READING RESPONSE TO BUSH AND BERNER-LEE

AS WE MAY THINK

“As We May Think” an article written by Vannevar Bush focuses on the importance of the human memory and machines, intertwining them into the same scholarly article. I found this article to be very interesting because Bush writes about different machines that have allowed thoughts and discoveries to last longer than a lifetime and at least as long as the human race lives. Bush wasn’t exactly talking about any human thought but thoughts and ideas that had to do with science, “A record if it is to be useful to science, must be continuously extended, it must be stored, and above all, it must be consulted.”. Bush talks about things like photographs, magazines, newspapers, and more. He comes to the final thought of a machine called the “memex”, he describes it like this, “A memex is a device in which an individual stores all his books, records, and communications, and which is mechanized so that it may be consulted with exceeding speed and flexibility. It is an enlarged intimate supplement to his memory. It consists of a desk, and while it can presumably be operated from a distance, it is primarily the piece of furniture at which he works. On the top are slanting translucent screens, on which material can be projected for convenient reading. There is a keyboard, and sets of buttons and levers. Otherwise, it looks like an ordinary desk.”. This is known today as a computer, the interweb, a laptop. This was Bush’s final stop and solution to being able to keep “man” thoughts and more in one place.
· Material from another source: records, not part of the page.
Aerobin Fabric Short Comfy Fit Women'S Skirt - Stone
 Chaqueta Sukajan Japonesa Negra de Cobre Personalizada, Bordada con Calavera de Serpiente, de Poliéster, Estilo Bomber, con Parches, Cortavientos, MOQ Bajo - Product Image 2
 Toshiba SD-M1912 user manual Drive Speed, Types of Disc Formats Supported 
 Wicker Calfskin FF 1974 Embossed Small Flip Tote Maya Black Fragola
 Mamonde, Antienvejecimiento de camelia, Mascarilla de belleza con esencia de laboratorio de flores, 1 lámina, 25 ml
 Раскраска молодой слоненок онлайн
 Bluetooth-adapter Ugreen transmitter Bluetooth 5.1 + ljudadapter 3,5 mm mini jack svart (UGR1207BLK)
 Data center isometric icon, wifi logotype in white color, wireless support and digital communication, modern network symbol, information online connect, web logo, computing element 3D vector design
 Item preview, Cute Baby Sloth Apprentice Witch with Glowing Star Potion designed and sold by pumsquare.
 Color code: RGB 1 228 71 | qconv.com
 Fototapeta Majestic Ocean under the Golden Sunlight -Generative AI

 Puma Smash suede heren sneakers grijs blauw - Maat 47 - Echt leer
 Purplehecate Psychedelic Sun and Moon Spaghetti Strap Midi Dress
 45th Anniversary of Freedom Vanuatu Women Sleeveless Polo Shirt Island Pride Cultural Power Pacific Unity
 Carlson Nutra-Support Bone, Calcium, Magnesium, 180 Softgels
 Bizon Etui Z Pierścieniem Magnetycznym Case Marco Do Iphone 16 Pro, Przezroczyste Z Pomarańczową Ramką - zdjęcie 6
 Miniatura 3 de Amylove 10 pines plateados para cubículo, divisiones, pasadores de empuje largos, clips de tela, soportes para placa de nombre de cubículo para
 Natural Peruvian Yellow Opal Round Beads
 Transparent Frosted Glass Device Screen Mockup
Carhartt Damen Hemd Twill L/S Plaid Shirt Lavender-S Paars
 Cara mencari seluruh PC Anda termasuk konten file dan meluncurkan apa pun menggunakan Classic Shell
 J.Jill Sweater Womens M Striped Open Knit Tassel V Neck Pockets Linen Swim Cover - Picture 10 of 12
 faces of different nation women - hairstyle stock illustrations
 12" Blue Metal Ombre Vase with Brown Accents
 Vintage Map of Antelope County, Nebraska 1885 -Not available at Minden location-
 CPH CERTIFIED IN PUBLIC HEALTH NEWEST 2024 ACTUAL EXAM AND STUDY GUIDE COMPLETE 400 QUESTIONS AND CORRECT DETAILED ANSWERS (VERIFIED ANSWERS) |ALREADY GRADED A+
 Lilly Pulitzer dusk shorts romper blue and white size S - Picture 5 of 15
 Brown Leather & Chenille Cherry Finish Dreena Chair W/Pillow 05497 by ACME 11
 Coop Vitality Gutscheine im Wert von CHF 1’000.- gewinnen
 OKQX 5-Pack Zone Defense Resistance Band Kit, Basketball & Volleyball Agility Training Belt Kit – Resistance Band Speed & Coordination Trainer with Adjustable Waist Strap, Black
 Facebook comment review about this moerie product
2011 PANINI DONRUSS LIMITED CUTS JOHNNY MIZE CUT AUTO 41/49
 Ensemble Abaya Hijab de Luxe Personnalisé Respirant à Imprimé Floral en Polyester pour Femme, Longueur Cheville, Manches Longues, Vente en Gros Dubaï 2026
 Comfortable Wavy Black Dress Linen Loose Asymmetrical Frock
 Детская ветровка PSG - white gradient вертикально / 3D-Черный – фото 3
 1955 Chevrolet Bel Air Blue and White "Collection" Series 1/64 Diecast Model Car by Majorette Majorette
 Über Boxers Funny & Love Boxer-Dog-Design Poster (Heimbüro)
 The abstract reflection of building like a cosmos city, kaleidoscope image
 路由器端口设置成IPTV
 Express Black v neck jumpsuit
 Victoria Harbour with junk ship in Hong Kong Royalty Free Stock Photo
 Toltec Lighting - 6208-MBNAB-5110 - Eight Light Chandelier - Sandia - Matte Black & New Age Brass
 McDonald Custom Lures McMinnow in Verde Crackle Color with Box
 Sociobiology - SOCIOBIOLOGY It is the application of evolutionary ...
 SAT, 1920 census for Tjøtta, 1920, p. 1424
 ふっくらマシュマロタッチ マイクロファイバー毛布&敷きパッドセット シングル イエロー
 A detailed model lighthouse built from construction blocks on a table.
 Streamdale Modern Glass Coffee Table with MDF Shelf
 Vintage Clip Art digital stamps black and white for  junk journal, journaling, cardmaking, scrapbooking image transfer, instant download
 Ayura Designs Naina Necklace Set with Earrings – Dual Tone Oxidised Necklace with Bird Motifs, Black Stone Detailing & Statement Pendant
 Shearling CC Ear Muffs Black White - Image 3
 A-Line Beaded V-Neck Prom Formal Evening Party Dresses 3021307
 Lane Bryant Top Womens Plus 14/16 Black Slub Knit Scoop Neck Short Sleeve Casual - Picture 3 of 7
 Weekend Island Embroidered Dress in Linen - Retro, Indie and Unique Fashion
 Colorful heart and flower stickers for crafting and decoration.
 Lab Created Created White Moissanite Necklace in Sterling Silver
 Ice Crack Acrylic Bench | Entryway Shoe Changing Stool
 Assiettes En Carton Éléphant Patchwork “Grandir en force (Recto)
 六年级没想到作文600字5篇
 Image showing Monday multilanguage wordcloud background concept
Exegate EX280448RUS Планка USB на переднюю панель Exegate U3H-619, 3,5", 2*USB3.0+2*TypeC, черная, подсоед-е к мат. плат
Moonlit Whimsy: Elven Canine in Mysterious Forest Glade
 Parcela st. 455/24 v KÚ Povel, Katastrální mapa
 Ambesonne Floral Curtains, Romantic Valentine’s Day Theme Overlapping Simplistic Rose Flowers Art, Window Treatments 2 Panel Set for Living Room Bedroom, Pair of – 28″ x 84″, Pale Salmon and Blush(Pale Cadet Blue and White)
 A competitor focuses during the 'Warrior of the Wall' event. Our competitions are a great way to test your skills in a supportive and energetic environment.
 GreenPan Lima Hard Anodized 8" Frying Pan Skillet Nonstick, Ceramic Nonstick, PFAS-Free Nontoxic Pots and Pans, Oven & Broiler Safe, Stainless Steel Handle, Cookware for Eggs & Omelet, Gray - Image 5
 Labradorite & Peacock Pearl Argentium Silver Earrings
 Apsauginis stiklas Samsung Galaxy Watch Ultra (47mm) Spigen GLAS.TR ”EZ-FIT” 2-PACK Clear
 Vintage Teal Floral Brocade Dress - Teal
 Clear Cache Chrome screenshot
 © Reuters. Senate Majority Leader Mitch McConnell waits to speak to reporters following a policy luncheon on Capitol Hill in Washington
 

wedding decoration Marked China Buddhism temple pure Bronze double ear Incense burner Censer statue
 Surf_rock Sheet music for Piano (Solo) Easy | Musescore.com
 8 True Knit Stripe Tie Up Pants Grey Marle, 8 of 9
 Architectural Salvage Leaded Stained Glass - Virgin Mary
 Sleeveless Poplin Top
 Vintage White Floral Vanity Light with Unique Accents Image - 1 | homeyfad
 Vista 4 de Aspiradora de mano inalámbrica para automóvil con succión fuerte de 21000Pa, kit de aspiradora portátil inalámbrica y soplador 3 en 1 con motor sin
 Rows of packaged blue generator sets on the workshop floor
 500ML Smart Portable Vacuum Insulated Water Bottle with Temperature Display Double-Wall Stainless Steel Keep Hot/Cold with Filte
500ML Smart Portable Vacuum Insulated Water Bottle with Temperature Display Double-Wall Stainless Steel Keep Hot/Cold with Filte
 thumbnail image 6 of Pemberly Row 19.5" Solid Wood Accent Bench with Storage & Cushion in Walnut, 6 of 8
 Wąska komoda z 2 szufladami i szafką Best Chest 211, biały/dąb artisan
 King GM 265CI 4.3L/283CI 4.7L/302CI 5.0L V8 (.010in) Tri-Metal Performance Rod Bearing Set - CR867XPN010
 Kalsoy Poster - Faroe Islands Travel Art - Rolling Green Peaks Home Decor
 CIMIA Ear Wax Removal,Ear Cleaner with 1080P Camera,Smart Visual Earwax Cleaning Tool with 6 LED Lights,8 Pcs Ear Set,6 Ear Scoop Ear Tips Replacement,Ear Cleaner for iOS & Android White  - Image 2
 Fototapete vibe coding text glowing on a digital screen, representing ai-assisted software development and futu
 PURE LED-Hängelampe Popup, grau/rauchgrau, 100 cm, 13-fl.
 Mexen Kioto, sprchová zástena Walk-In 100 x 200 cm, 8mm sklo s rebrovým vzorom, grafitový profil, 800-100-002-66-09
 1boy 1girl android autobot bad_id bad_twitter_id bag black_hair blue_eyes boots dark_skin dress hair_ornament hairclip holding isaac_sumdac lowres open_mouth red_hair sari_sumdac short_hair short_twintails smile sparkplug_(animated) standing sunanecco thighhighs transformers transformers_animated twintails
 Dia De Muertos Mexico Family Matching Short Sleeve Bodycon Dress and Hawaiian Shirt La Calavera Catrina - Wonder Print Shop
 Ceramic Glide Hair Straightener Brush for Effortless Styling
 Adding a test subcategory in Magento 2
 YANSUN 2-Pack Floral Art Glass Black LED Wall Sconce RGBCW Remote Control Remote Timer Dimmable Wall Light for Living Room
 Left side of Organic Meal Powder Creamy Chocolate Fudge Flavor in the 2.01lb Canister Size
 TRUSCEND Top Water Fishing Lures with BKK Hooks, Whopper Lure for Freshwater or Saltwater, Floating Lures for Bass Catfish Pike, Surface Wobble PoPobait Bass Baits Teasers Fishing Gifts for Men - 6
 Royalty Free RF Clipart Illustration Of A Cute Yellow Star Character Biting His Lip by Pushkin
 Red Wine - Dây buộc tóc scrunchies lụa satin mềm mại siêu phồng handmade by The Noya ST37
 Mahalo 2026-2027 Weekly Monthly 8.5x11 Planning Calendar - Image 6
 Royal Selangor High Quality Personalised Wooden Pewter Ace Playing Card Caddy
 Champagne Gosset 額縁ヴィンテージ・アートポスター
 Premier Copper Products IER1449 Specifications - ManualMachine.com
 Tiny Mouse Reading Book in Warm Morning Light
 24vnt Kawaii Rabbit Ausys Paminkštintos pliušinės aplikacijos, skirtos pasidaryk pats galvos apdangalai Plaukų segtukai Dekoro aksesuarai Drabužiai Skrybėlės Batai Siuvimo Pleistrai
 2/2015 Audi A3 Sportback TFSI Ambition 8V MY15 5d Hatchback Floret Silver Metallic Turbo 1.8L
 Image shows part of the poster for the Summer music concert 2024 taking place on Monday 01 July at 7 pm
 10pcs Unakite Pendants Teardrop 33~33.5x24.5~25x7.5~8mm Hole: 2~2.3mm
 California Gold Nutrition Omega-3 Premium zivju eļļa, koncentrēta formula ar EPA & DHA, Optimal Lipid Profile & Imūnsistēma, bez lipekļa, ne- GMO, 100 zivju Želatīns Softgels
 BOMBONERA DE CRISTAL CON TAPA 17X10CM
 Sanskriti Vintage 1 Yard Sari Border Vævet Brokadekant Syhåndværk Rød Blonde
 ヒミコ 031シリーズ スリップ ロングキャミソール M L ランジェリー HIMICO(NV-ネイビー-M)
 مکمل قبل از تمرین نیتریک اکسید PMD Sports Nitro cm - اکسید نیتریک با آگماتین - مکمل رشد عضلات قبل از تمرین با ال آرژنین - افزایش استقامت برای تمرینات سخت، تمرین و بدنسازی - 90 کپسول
Although the “computer” was invented in 1833 it was not what we know today. In Bush’s essay, he describes what we know today as a desktop or a laptop. This essay was written in 1945 and the first desktop computer was released in 1974, a personal computer for man, which was also the year Bush died. Towards the end of the essay, he says “Yet, in the application of science to the needs and desires of man, it would seem to be a singularly unfortunate stage at which to terminate the process or to lose hope as to the outcome.”, so hopefully he was alive to see his thoughts come true. Bush was truly a man of science.

LONG LIVE THE WEB

“Long Live the Web” by Tim Berners-Lee was an attention grabber from only reading the first page. Tim really knows what he’s talking about, he studied computer science at The Queens College and is now a “professorial fellow” of computer science at Oxford University. Berners-Lee makes a good point right off the bat about our privacy and how the world wide web was supposed to be something for the people, not the government yet the web has become capitalistic. He talks about how the government no matter what kind is monitoring its people. Basically Berners-Lee writes about how the web was designed for one thing and now it’s been taken advantage of for something completely different. One thing Berners-Lee mentions is that the web is more critical to free speech than any other medium which is so scary. Towards the end of the article though Berners-Lee talks about how important it is for everyone to come together and use the web for its sole purpose which I found very interesting. There are so many smart people and the web was built for people to be able to create, which is why I think he says it is important for everyone to come together and respect the values of human rights which the web was made to do but to also give a place of freedom for all.